Cowboy Pride by Lacy Williams

Image result for cowboy pride lacey williams

Author: Lacy Williams

Genre: Romance

Format: Paperback 250 pages

Release Date: 23 July 2017

My Rating: **

This review was a difficult one for me to write because as a general rule I don’t usually gravitate towards the romance genre. I have read romance novels, and even sometimes enjoyed them, but they’re often not my first choice. I do however, like to read a broad spectrum of material and like to give books a chance to prove me wrong on first impressions, of which unfortunately, weren’t particularly great for this book.

The book cover was the standard romance book affair of a man and a woman who look like they’re about to have a heated kiss. Mills & Boon have flogged this style of cover to death over the years, along with hundreds of other authors. It would have been nice to see a change from the standard format which might have helped appeal the book to me more. If it wasn’t for the fact that this book is part of the Big Library Read at present then I can genuinely say I would have flicked past this and not given it another thought.

On the subject of the Big Library Read, for those of you who might not be familiar with the concept, it is facilitated through OverDrive, which is a reading app/programme linked with your library card which allows you to access any digital content which your library may have on offer. The purpose of the Big Library Read is to connect readers around the world with the same eBook at the same time without any wait lists or holds and effectively works as an online book club.

At the time of reading I didn’t actually realise it was part of a series. It’s actually No.3 in the Wild Wyoming Hearts series by Lacy Williams. However, it can be read alone and doesn’t necessarily require the first two books to have been read to get the gist of the story and characters.

The book opens around the character Liza Bennett who works in her family’s shop and has set herself the mission of helping her sister Janie find love. The two sisters attend a dance at the town hall where they meet Rob Darcy and Nathan Bingley. Jane and Nathan seem to hit it off instantly and dance all night, whereas although there appears to be attraction between Liza and Rob, a throwaway comment made outside the dance by Rob sets her mind against having any romantic feelings towards him. Janie becomes injured while riding her horse in a storm and the two sisters find themselves at Nathan’s ranch while Janie heals. In such close quarters emotions are bound to run high.

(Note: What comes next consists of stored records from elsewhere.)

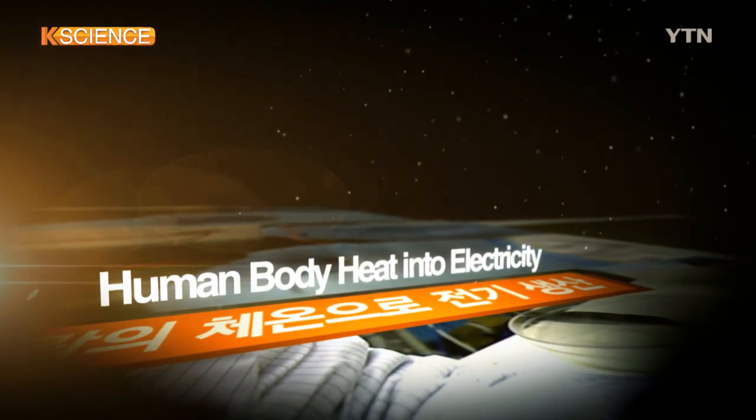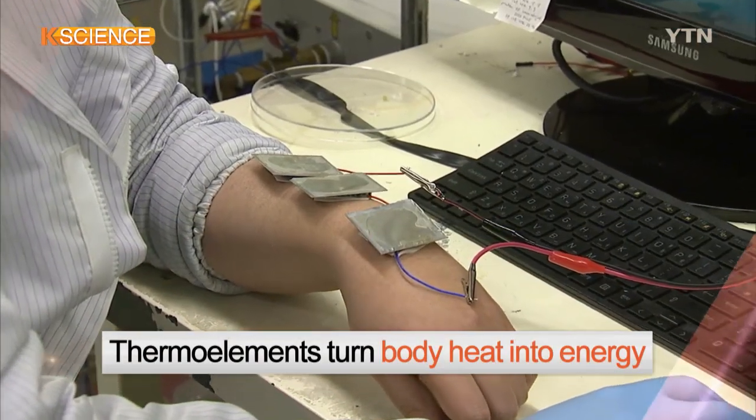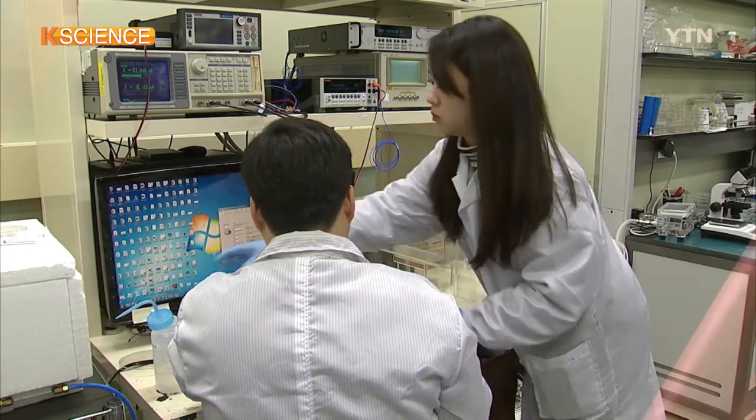These are thermal elements to help produce electricity by using human body heat. Letters appear on the LED board when the voltage of the thermal elements attached to the wrist is increased.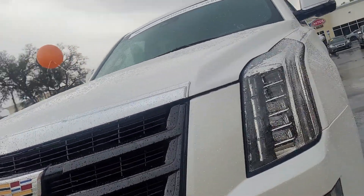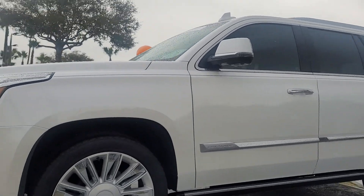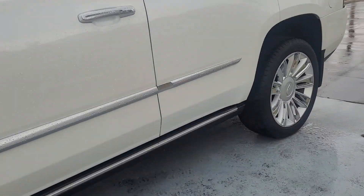This is Joe from Richie Autos in Daytona Beach, Florida. This is the 2019 Cadillac Escalade that you inquired on. The vehicle is available. It's a Platinum Edition.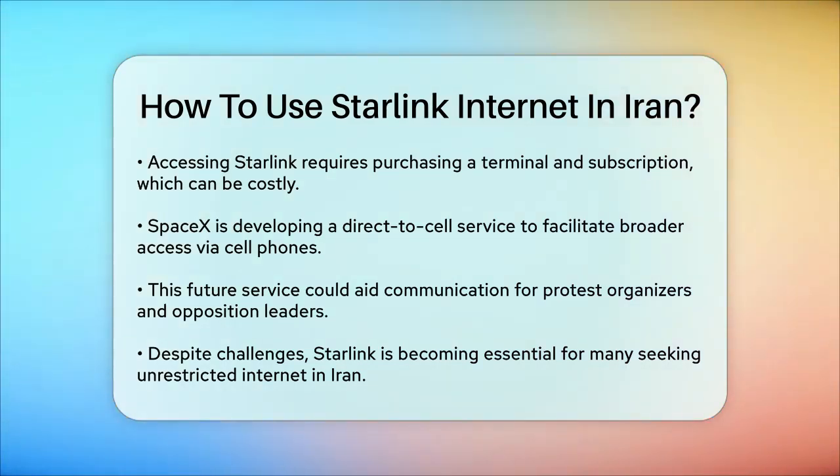In summary, using Starlink in Iran involves getting a terminal, setting it up to connect to the satellites despite government interference, and navigating the legal and financial challenges. While it's not easy, it's becoming a vital tool for many Iranians seeking unrestricted Internet access.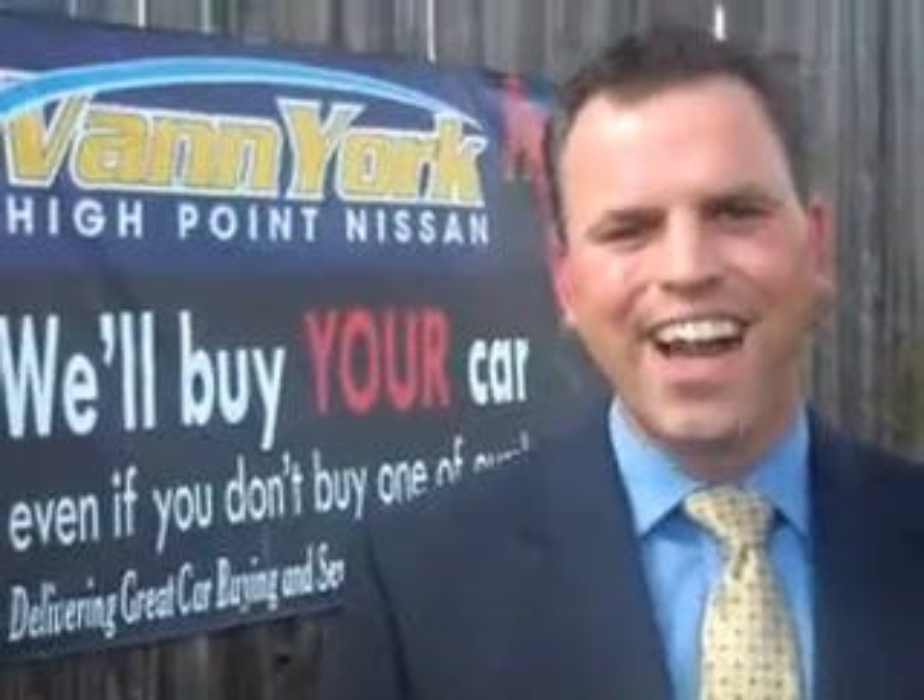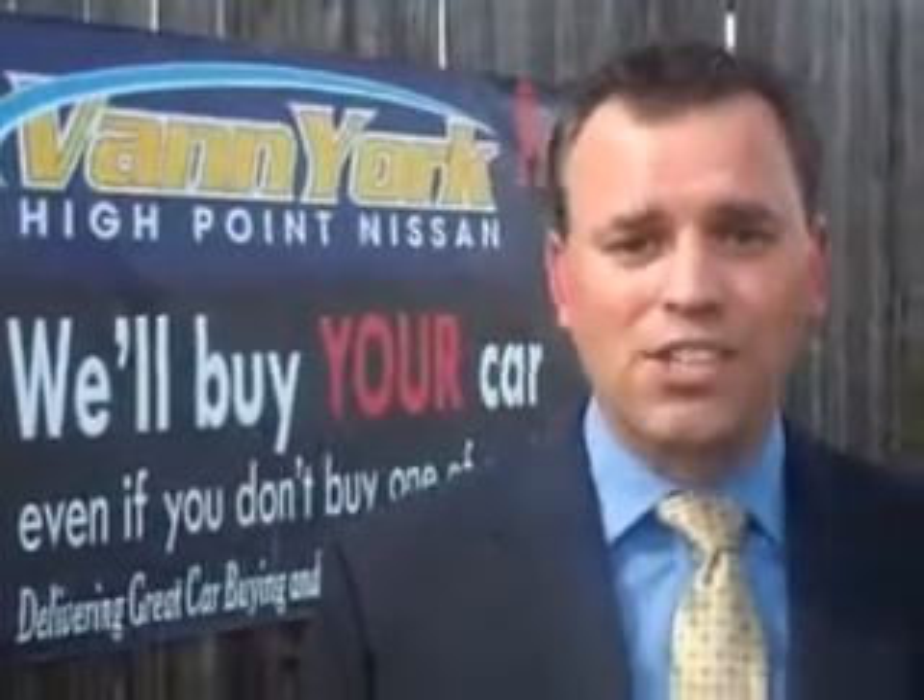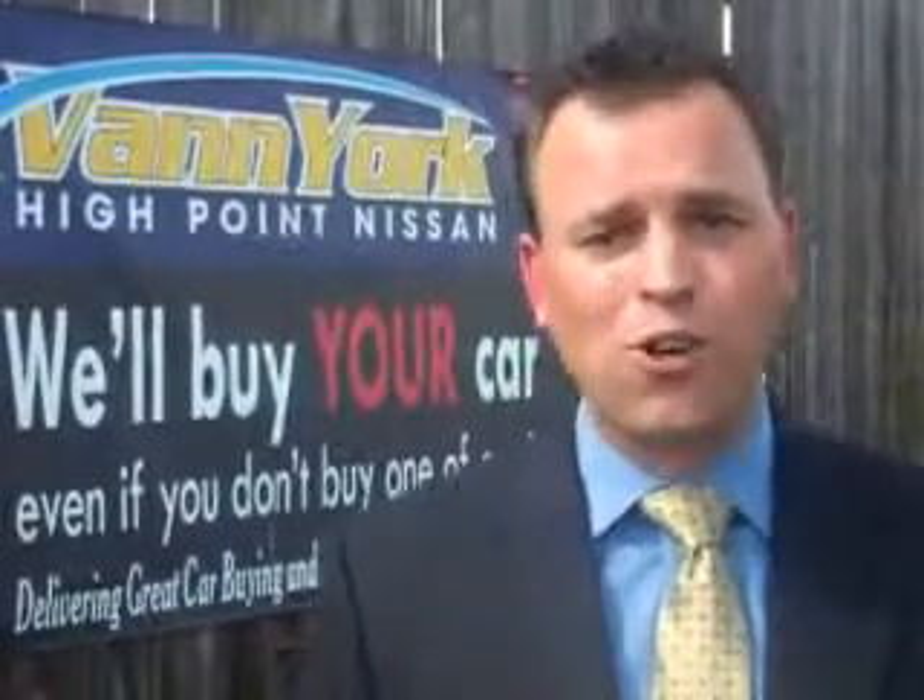Hi, this is Trey Powell, General Manager at Vann York's High Point Nissan. Every used car we sell comes with a warranty, roadside assistance, and a Carfax guarantee. We only sell the best used cars, trucks, vans, and SUVs.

Bar the annoying spelling mistakes which kept cropping up throughout the book, this was a pleasant re-telling of what is meant to be an adaptation of Pride and Prejudice as a western. I guess there were some similarities to the classic, but if it wasn’t for the fact it mentions Pride and Prejudice in the books synopsis then I’m not sure I would have even realised the connection.

Ultimately the book is just a love story set in the west. When an author compares their book to a classic like Pride and Prejudice, they are setting up their reader for big expectations. I would imagine the majority of readers of this book would have chosen to do so because of the fact that it has been marketed as a Pride and Prejudice adaptation.

I would suggest that if an author is not 100% sure that they can deliver on these expectations, that they should think twice before making the comparisons. It might get the book more reads initially, but ultimately it will not result in good reviews as rather than reviewing the book as the cute little easy summer beach read that it is, everyone will spend their time comparing the book to the classic and all the reasons why it has not lived up to their expectations.

I personally feel that the book would have done better of its own steam rather than selling itself as a Pride and Prejudice adaptation. Taken as a Western Romance it’s a nice easy read, taken as an adaptation, in my opinion, it has failed.

Putting aside the personal opinions expressed above, I did like the fact that book was told from the four main protagonists perspectives, although it does sometimes jump rather erratically from one to the other. Having a story told from different perspectives did help to create a rounded picture and fill the plot out. Even though this genre wouldn’t be my top pick, it did help me kill some time on a few lunch hours. It wasn’t the worst book I’ve ever read, just not one that I would wish to read again.